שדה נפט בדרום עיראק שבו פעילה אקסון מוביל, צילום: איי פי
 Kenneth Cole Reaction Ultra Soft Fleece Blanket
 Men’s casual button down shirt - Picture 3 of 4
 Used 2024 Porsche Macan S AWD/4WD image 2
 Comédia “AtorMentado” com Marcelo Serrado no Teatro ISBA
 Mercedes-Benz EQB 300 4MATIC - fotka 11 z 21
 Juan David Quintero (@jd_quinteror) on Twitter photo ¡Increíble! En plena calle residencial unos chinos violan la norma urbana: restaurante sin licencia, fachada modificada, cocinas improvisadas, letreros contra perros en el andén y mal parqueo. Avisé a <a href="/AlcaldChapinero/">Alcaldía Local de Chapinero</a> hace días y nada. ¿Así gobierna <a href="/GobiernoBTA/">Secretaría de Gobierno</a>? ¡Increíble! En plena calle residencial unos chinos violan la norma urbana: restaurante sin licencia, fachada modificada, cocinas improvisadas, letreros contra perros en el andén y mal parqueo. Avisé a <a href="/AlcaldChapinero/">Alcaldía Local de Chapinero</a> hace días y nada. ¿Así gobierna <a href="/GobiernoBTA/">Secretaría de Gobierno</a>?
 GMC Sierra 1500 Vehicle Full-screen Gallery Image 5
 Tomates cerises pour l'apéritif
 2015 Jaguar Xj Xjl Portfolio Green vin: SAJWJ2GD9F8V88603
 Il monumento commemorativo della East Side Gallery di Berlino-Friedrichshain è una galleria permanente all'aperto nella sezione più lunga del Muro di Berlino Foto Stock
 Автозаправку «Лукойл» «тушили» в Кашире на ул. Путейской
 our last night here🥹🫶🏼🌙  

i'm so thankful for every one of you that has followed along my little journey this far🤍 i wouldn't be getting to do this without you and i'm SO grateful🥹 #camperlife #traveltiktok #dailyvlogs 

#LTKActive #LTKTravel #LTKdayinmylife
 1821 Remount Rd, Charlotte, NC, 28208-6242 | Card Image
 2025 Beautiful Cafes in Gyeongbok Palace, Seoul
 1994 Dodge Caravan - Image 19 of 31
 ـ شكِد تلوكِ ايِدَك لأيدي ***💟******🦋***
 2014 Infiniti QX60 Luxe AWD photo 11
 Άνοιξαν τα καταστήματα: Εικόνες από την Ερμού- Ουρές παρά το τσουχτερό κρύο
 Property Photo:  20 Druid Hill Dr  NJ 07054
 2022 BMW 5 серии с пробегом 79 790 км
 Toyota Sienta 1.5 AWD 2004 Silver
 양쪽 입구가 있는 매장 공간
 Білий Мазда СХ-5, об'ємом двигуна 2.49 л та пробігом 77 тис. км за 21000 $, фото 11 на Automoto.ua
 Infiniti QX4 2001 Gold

# [WHAT IS EXPECTED]
Retype exactly the span of lines from the one with "Kenneth Cole Reaction" through the one with "Mercedes-Benz EQB 300 4MATIC - fotka 11 z 21"; include both ends and omit the rest of the material.

# [EXPECTED ANSWER]
 Kenneth Cole Reaction Ultra Soft Fleece Blanket
 Men’s casual button down shirt - Picture 3 of 4
 Used 2024 Porsche Macan S AWD/4WD image 2
 Comédia “AtorMentado” com Marcelo Serrado no Teatro ISBA
 Mercedes-Benz EQB 300 4MATIC - fotka 11 z 21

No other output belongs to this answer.